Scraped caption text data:
-- -- --
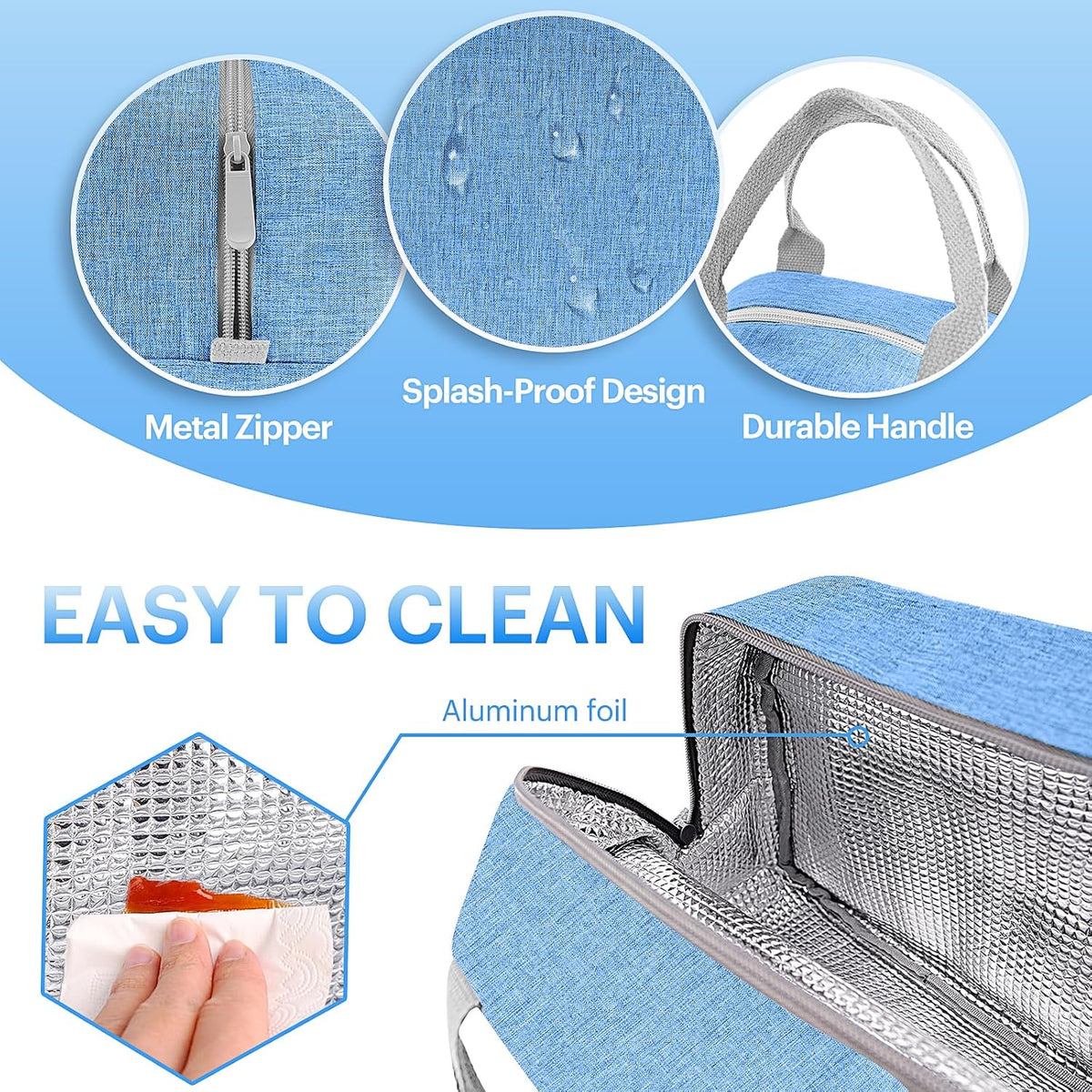 Lunch Bag for Women & Men Adult Insulated Lunch Box, Small Leakproof Cooler Food Lunch Containers Reusable High Capacity Lunch Tote Bags for Work, Travel, Outdoor (Grey)
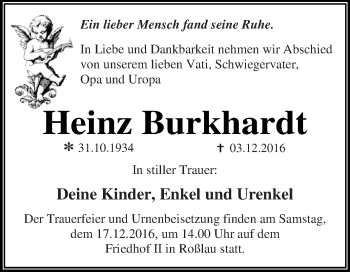 Traueranzeige von Heinz Burkhardt von WVG - Wochenspiegel Dessau / Köthen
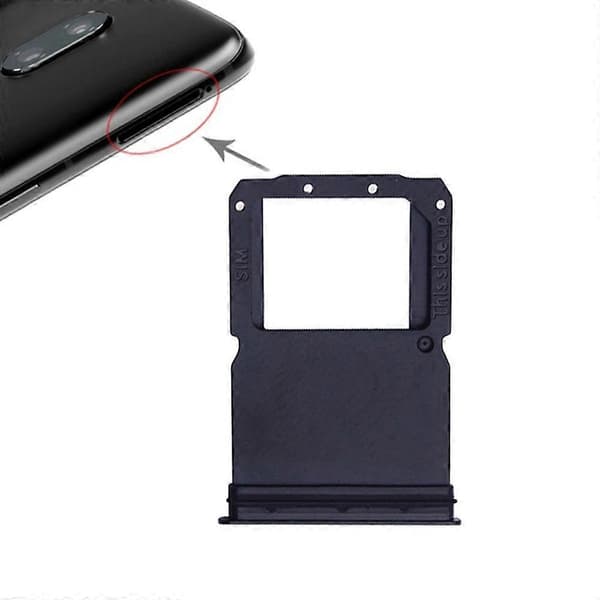 (Ny) For OnePlus 6T 2 x SIM-kortskuff (Jet Black) Jet Black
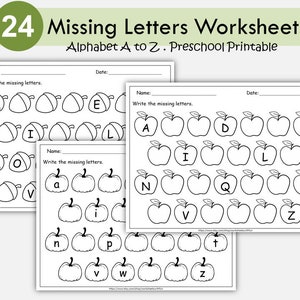 Hojas de trabajo del alfabeto imprimibles para preescolar, libro de trabajo de letras faltantes, reconocimiento de letras de la A a la Z, tema de otoño, actividades matutinas para niños pequeños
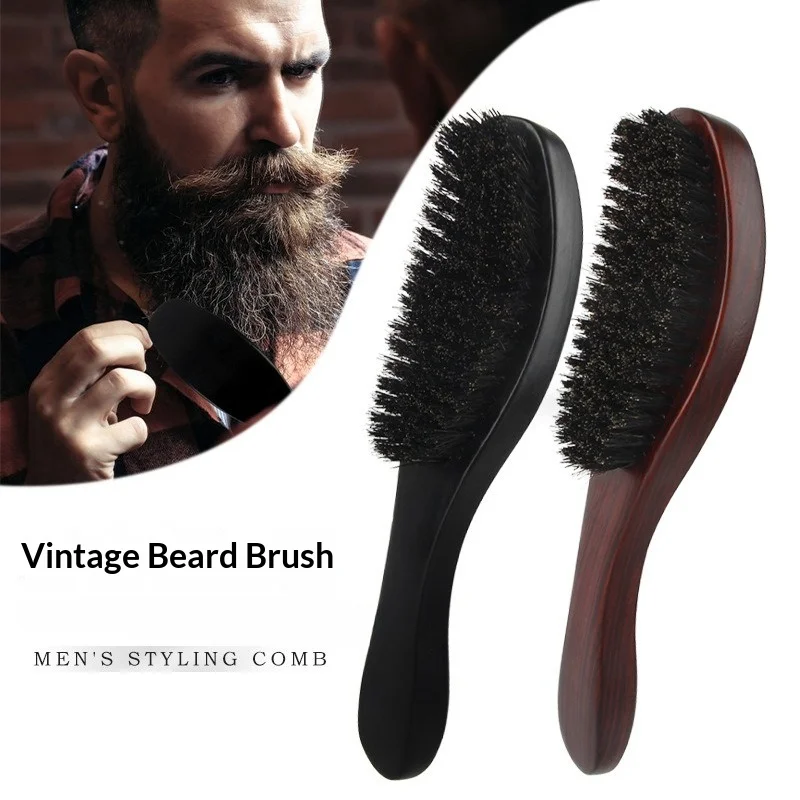 Wood/Plastic Optional Hair Brush Boar Bristle For Men's Beard Shaving Comb Wave Hairbrush Soft Boar Bristles Handle Hair Brush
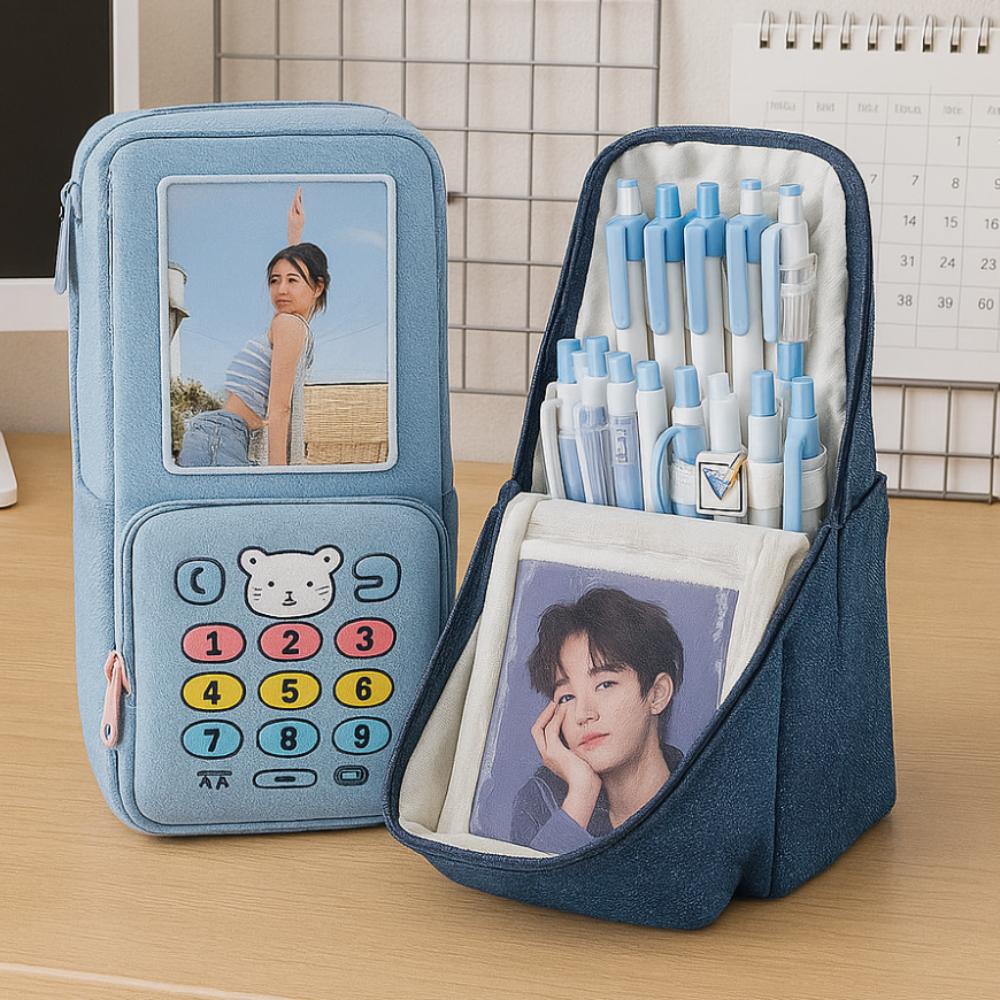 Kawaii Denim Pencil Bag Large Capacity Stationery Storage Bag Pencil Case  Office Accessories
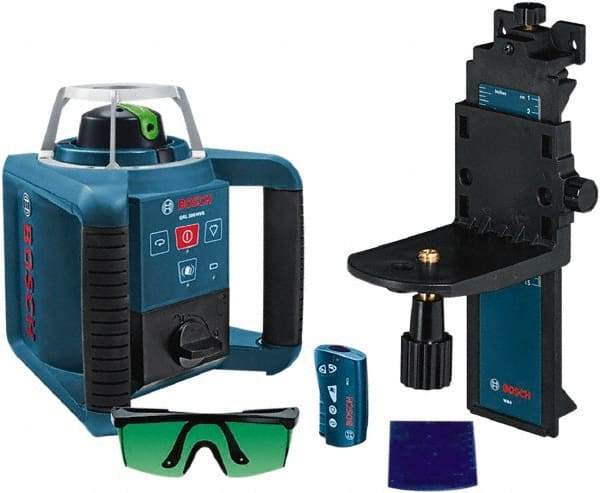 Bosch - 650' Measuring Range, 1/8" at 100' Accuracy, Self-Leveling Horizontal & Vertical Rotary Laser - ±5° Self Leveling Range, 1 Beam, 2-D Battery Included - USA Tool & Supply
-- -- --
→ Directions for this task
Where the line containing "Hojas de trabajo" appears, begin copying there and continue exactly through the final line of the records; both end lines belong in the copy, pictures do not.

→ Final answer
 Hojas de trabajo del alfabeto imprimibles para preescolar, libro de trabajo de letras faltantes, reconocimiento de letras de la A a la Z, tema de otoño, actividades matutinas para niños pequeños
 Wood/Plastic Optional Hair Brush Boar Bristle For Men's Beard Shaving Comb Wave Hairbrush Soft Boar Bristles Handle Hair Brush
 Kawaii Denim Pencil Bag Large Capacity Stationery Storage Bag Pencil Case  Office Accessories
 Bosch - 650' Measuring Range, 1/8" at 100' Accuracy, Self-Leveling Horizontal & Vertical Rotary Laser - ±5° Self Leveling Range, 1 Beam, 2-D Battery Included - USA Tool & Supply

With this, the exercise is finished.